My dad has, for many years, waged war at the cottage with, to hear him tell it, a diabolical mastermind of a gray squirrel. This squirrel is his nemesis, taunting and jeering from the deck railing. And then, when my dad’s back is turned, brazenly stealing the Saltines that my father hides in the garage, away from more health-conscious children and hungry grandchildren.
I haven’t the heart to tell my dad that this squirrel, according to a recent study, might well have been eavesdropping on him.
Researchers from Oberlin College in Ohio tell us that squirrels are adept eavesdroppers, using all available info to not only alert them to threats but also a lack of danger. Their favourite gossipers seem to be birds, which generally share their territory.
For instance, the call of a red-tailed hawk, known to dine on eastern gray squirrels, would generally trigger concern. But if that call is accompanied by or followed by the casual chatter of nearby birds, the squirrel deduces that a threat is not to be taken seriously and quickly goes back to foraging or resting.
It’s long been known that squirrels and other species communicate with each other, say the researchers. But this cross-species communication of non-danger — one researcher likened it to a sort of Facebook in which species share information — is a relatively new discovery.

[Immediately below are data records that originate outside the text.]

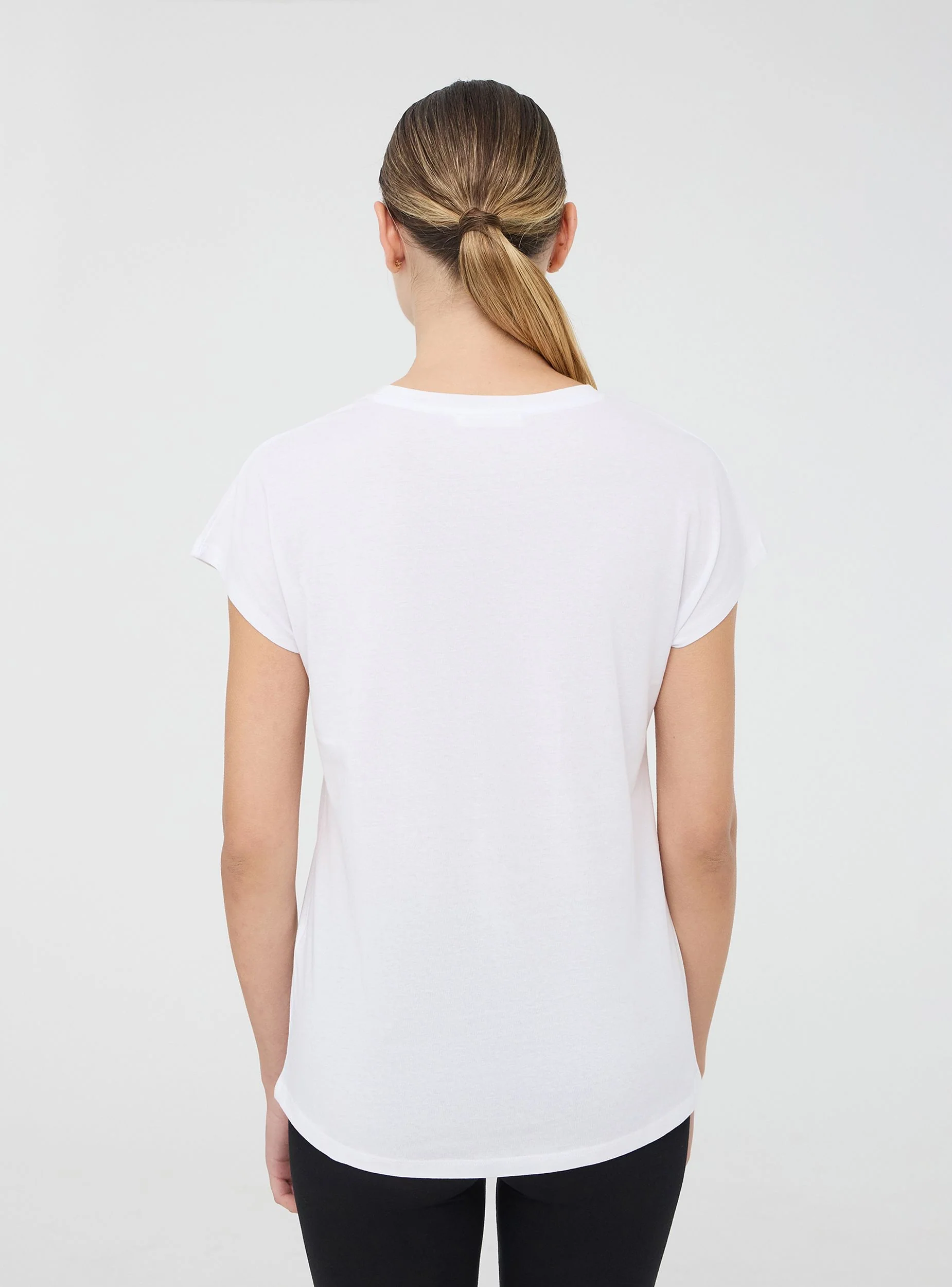 Pack 2 t-shirt tinta unita - Image 2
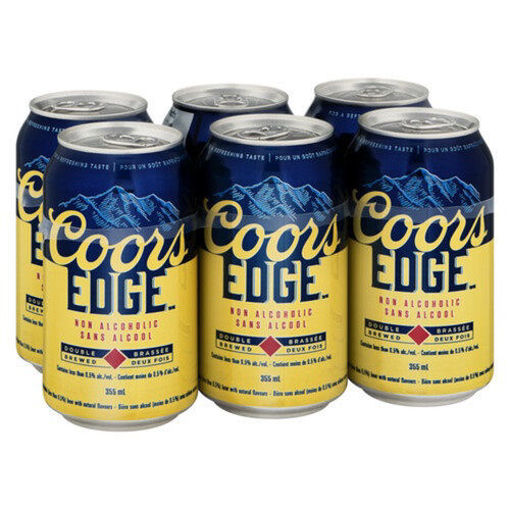 Picture of COORS EDGE 6 X 355 ML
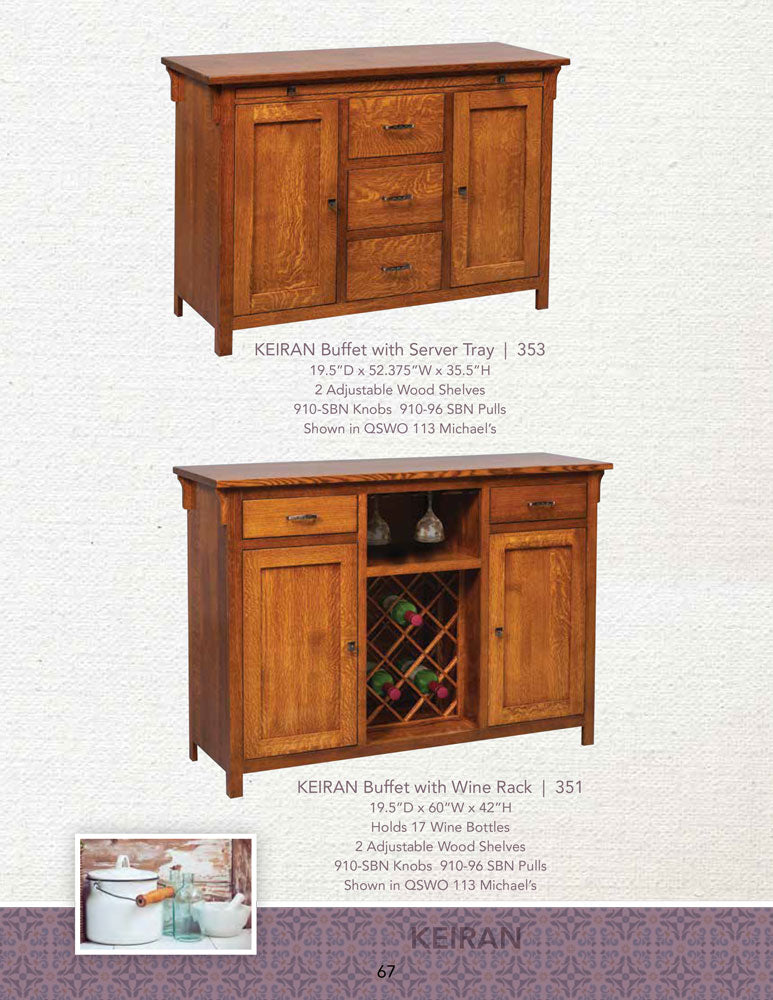Keiran 3 Door Hutch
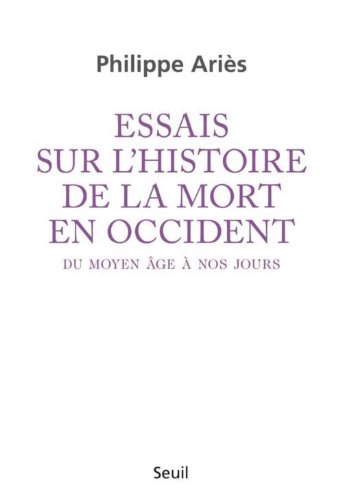 9782020042857: Essais sur l'histoire de la mort en Occident du Moyen Age  nos jours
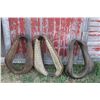 Image 2 : (3) Horse Collars (20.5", 22", 23")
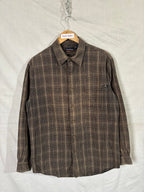 Flannel Shirt Vintage Streetwear Ocean Pacific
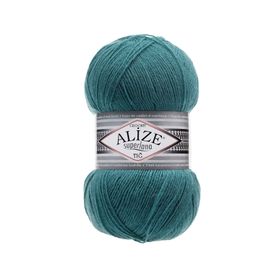 Alize 164 azur 5'li Süperlana Klasik El Örgü İpi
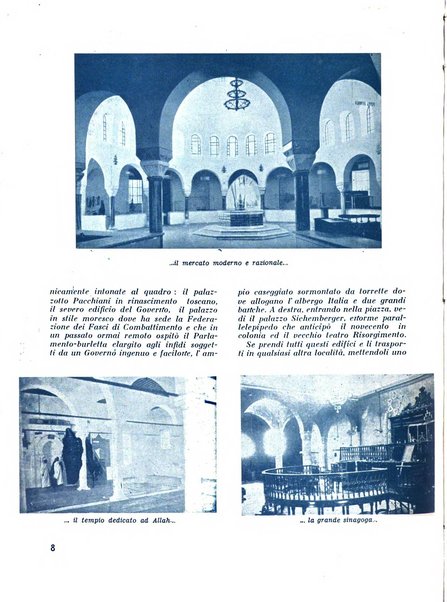 Cirenaica illustrata Rivista mensile d'espansione coloniale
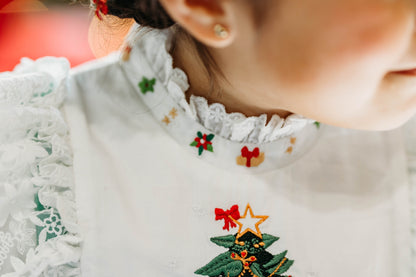 🎄✨ Winter Bear Dress ❄️🐻‍❄️ RTS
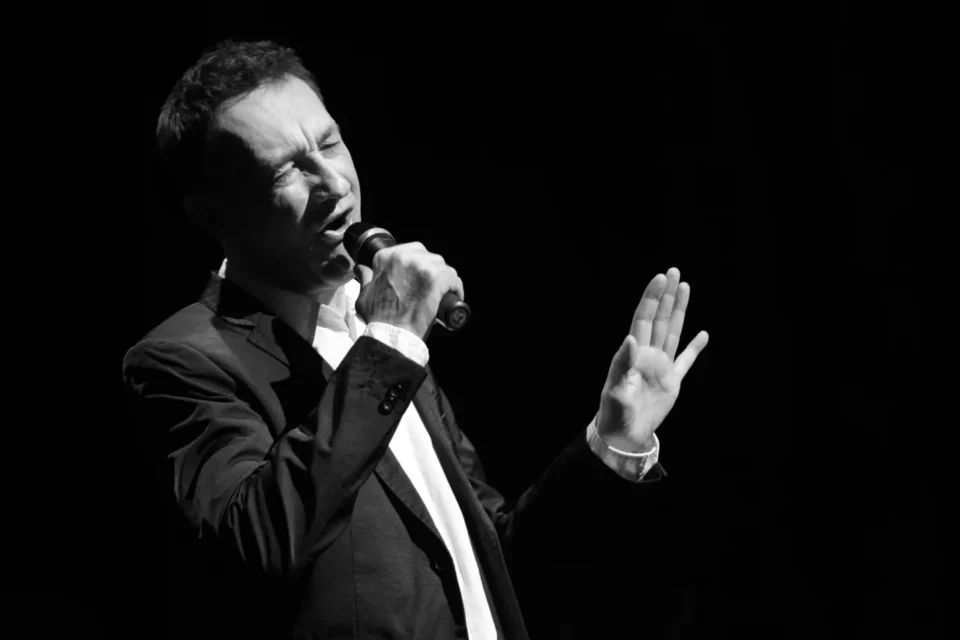 16 01 2015 LUBLIN UL JEZUICKA TEATR STARY PRZEDSTAWIENIE WIECZOREM FOT WOJCIECH NIESPIALOWSKI / TS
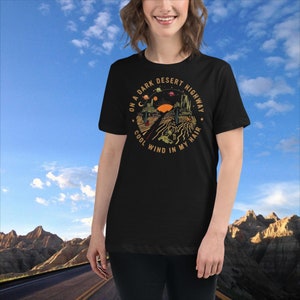 Desert Adventure Shirt: Explore Tee, Travel Camping Shirt
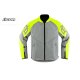 Chaqueta icon Mesh AF gris-amarillo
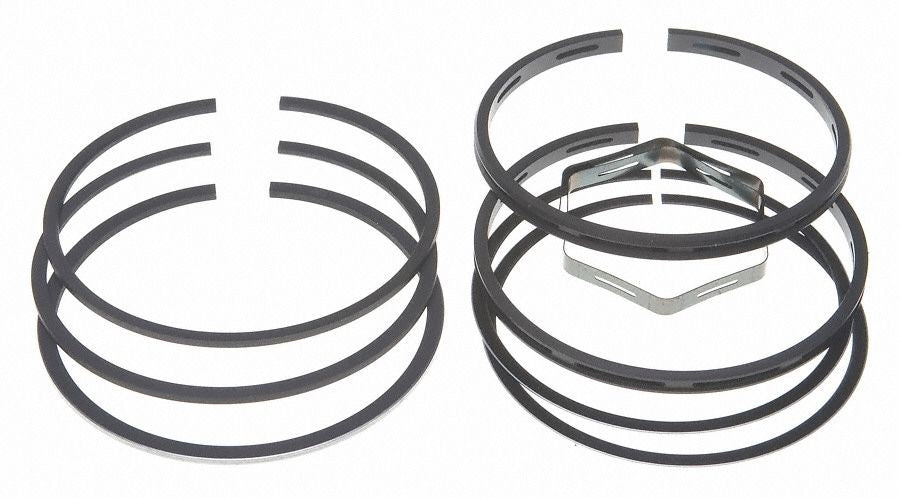 Mahle Rings Case 254 CID 4.1L A251S 4 Cyl Sleeved Eng Cont 260 CID 4.3L Plain Ring Set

It’s offers a new way of thinking about how animals can learn from other species, says Dan Blumstein, a behavioural ecologist from University of California, Los Angeles. “Most of us have been thinking about the risky side of things not the safety side of things,” he says. “But both sorts of information are out there for the taking.”
Interesting yes, but eavesdropping squirrels are unlikely to give my father much comfort as he continues to wage battle over the Saltines.